Des lésions génitales douloureuses et importantes apparaissent également sous forme de fourmillements et de picotements des organes génitaux. Elles se présentent en même temps sous forme de vulvo-vaginite (inflammation de la vulve et du vagin), d’ano-rectite (inflammation de l’anus et du rectum) ou encore d’ulcérations.
Les autres signes les plus fréquents sont des douleurs pendant la miction, des maux de tête et de ventre, des courbatures et de la fièvre.
Modes de transmission
Cette infection est en général contractée au début de l’activité sexuelle des jeunes individus. Le contact direct de muqueuse en muqueuse transmet le virus responsable de l’herpès génital. Cette contamination peut se faire lors des rapports sexuels avec un partenaire ayant des lésions actives ou non, mais qui véhicule toujours le virus.

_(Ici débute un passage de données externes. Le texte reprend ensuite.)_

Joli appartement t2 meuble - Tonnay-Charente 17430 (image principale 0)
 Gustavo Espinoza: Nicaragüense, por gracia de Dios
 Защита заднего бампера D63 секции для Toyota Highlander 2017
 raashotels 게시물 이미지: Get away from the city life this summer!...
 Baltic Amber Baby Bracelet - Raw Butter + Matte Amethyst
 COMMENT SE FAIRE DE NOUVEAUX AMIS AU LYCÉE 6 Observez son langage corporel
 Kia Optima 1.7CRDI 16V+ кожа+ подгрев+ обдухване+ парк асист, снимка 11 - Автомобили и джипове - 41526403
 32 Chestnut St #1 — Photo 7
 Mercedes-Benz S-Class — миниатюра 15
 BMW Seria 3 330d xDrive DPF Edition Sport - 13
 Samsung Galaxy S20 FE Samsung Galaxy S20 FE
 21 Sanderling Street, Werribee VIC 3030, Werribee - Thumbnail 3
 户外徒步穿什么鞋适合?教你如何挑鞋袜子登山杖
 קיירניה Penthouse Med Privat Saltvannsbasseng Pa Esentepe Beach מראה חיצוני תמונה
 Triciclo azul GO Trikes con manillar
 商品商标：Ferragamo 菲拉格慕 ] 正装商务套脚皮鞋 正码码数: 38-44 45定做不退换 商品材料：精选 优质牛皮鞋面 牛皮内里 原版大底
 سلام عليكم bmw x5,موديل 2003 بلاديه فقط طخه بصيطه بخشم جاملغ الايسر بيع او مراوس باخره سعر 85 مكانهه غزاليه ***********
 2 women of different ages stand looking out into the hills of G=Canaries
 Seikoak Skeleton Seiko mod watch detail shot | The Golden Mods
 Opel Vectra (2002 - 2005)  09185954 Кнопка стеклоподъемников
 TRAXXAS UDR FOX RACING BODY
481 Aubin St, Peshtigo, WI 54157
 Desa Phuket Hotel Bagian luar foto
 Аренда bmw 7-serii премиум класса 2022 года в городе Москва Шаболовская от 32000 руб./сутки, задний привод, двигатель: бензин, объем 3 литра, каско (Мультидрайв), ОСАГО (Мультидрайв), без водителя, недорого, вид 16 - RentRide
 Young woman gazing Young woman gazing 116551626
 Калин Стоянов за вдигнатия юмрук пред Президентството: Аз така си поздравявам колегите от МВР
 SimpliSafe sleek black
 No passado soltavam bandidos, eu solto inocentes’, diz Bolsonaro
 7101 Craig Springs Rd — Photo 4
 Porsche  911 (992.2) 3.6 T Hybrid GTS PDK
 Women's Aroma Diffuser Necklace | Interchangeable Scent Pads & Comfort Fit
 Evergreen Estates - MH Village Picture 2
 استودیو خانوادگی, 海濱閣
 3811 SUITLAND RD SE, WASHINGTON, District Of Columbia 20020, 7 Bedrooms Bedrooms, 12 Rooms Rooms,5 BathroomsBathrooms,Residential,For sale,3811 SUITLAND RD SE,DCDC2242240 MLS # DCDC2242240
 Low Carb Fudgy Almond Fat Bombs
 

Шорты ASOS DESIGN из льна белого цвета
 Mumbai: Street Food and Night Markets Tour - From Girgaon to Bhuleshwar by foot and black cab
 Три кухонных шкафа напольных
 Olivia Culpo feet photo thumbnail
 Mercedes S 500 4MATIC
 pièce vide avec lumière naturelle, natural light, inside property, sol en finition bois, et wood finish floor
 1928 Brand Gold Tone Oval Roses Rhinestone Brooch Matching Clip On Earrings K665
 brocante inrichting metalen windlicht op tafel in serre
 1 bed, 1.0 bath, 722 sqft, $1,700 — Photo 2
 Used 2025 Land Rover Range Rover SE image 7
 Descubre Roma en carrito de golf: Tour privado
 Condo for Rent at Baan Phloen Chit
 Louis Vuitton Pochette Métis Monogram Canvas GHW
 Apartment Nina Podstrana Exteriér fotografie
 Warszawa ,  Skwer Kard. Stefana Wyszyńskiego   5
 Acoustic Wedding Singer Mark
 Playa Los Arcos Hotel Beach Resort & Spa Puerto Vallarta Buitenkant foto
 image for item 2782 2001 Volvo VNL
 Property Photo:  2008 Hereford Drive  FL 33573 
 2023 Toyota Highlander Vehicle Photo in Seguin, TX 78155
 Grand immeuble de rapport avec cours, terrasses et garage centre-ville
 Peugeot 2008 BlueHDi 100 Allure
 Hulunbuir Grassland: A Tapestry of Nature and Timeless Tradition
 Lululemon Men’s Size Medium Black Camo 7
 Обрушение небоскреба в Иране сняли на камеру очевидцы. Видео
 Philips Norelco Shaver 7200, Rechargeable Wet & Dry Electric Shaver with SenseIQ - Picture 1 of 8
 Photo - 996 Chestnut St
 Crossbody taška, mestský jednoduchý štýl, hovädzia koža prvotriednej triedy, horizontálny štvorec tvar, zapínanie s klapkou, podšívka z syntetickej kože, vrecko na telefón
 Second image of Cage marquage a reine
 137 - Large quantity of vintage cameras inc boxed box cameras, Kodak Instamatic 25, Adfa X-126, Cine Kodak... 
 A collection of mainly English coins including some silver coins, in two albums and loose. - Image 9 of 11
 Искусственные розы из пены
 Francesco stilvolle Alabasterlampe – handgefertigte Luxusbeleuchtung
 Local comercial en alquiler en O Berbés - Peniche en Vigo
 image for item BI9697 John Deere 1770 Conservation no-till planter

Et même s’il n’y a aucune pénétration, le seul contact avec des lésions herpétiques est contaminant.
Le virus peut aussi se transmettre de la mère à son enfant au cours de l’accouchement. Quoi qu’il en soit, une contamination indirecte comme à la piscine ou dans les toilettes par exemple est impossible. Le virus responsable de cette infection est fragile et ne survit pas longtemps en milieu extérieur.
Pendant la récidive, que se passe-t-il ?
Chez la femme
Pour la femme, les poussées d’herpès se manifestent sous forme de picotements, d’un engourdissement, d’une douleur, ou encore d’une sensation de brûlure. Par la suite, une rougeur apparaît au niveau de la vulve et du vagin. De petites cloques porteuses de virus se forment par la suite et vont se rompre pour créer des plaies qui ne cicatriseront qu’au bout de 2 à 3 semaines.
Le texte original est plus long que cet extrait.